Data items
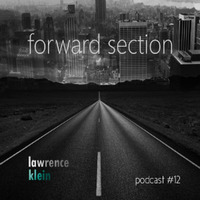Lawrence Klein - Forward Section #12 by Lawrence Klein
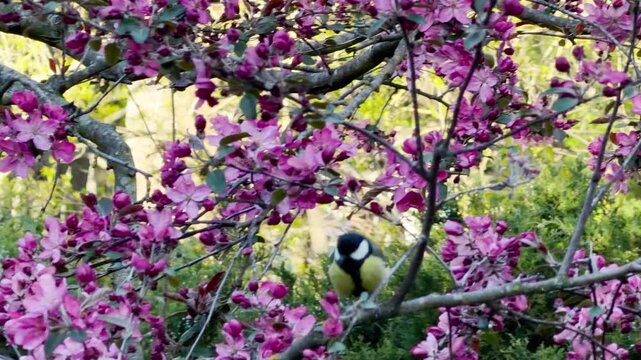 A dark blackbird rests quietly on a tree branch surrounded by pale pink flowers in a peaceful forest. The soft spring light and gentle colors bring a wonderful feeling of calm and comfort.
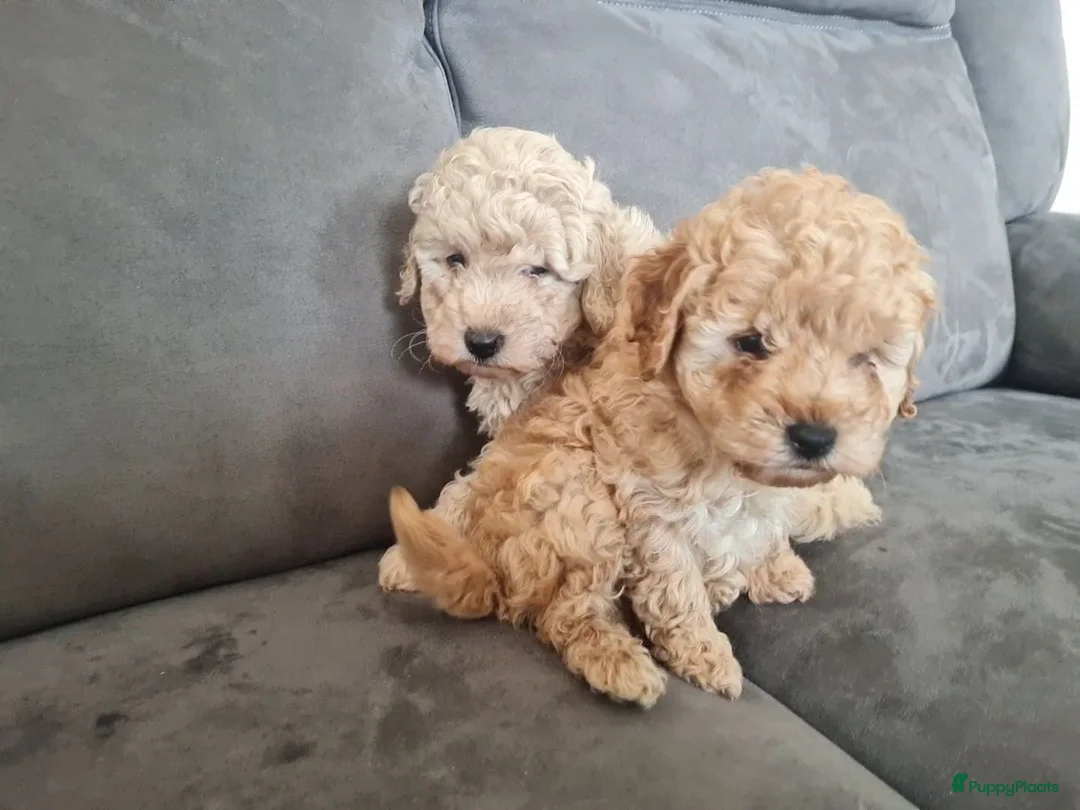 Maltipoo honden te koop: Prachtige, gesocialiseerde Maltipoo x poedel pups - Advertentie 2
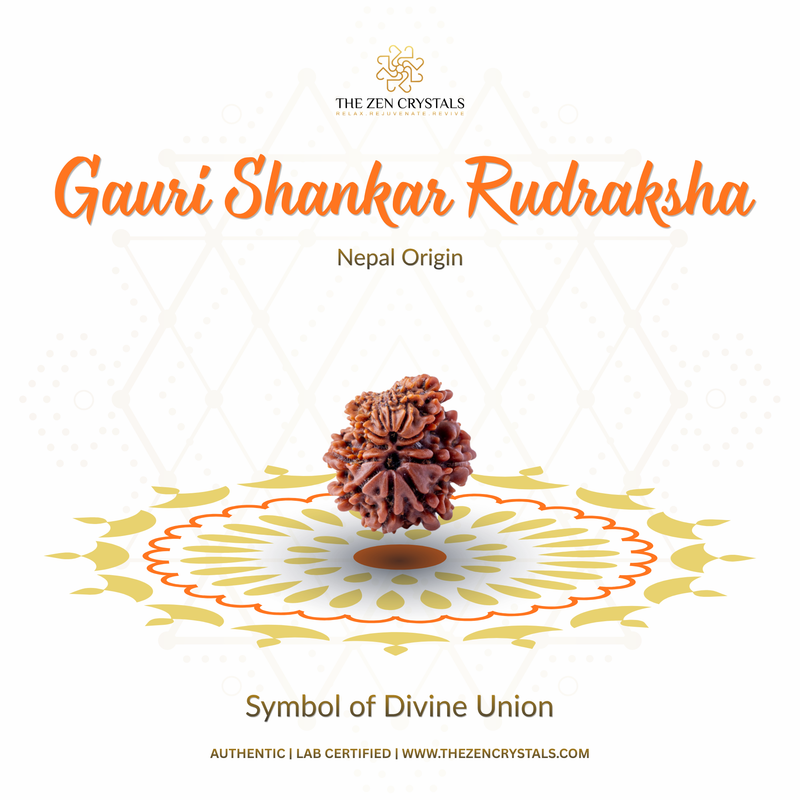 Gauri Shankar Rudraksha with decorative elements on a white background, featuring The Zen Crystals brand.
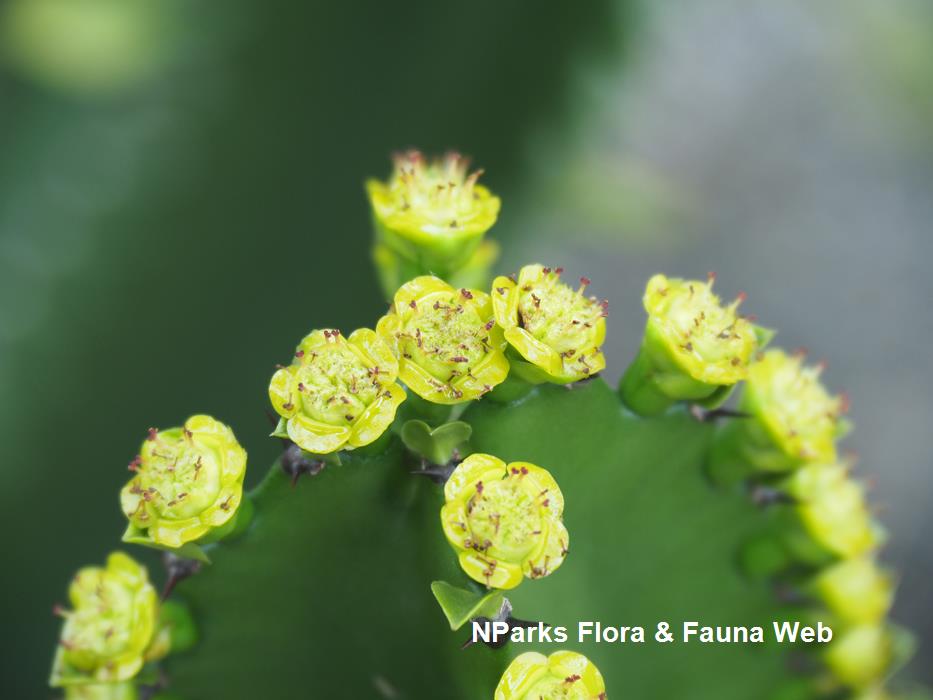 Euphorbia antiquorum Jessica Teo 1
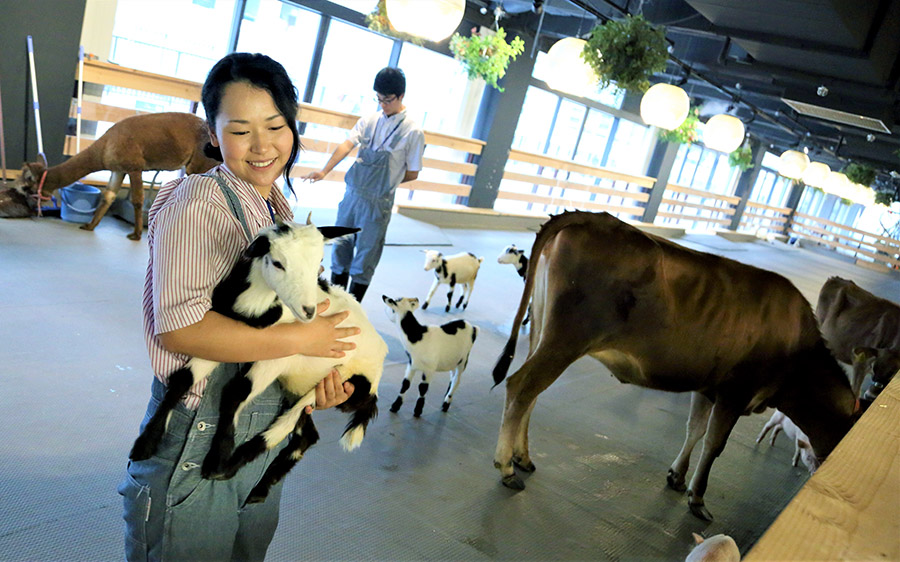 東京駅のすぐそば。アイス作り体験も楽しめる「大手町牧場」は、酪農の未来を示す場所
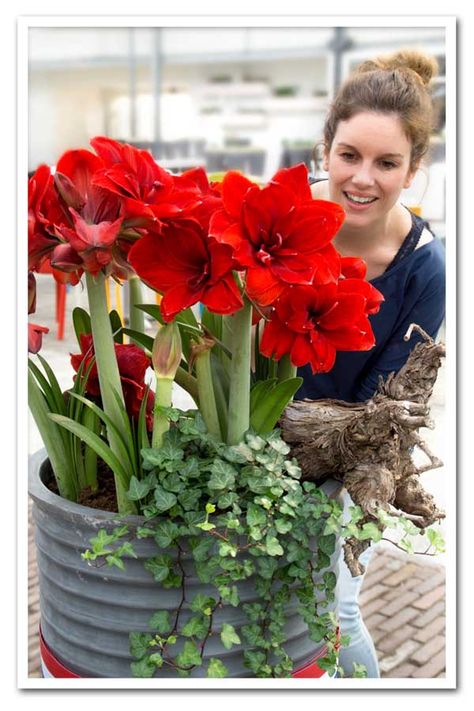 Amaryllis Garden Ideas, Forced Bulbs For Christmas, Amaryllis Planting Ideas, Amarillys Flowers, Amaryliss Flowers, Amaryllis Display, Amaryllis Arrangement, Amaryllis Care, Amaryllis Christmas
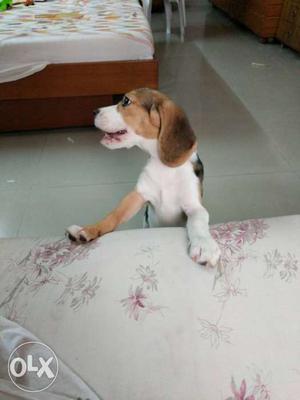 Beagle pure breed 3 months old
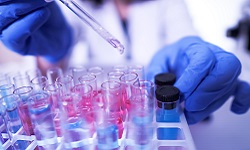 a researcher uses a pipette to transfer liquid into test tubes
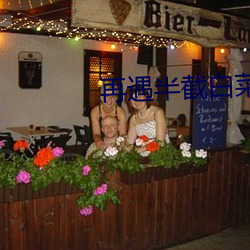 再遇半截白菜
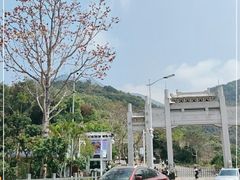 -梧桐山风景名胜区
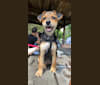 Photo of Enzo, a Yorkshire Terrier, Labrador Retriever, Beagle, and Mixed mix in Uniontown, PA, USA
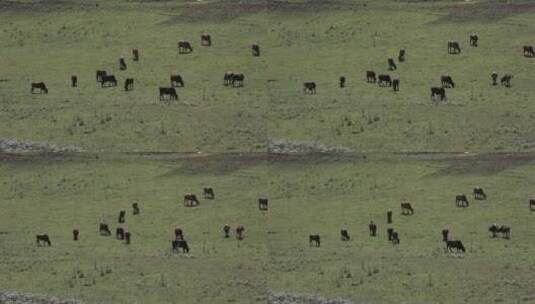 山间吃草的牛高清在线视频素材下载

▶ [Aim of the task] Your answer must be the exact lines from the one containing "Amaryllis Garden Ideas, Forced" through the last line of the records above, with both included and no pictures.

▶ [Response]
 Amaryllis Garden Ideas, Forced Bulbs For Christmas, Amaryllis Planting Ideas, Amarillys Flowers, Amaryliss Flowers, Amaryllis Display, Amaryllis Arrangement, Amaryllis Care, Amaryllis Christmas
 Beagle pure breed 3 months old
 a researcher uses a pipette to transfer liquid into test tubes
 再遇半截白菜
 -梧桐山风景名胜区
 Photo of Enzo, a Yorkshire Terrier, Labrador Retriever, Beagle, and Mixed mix in Uniontown, PA, USA
 山间吃草的牛高清在线视频素材下载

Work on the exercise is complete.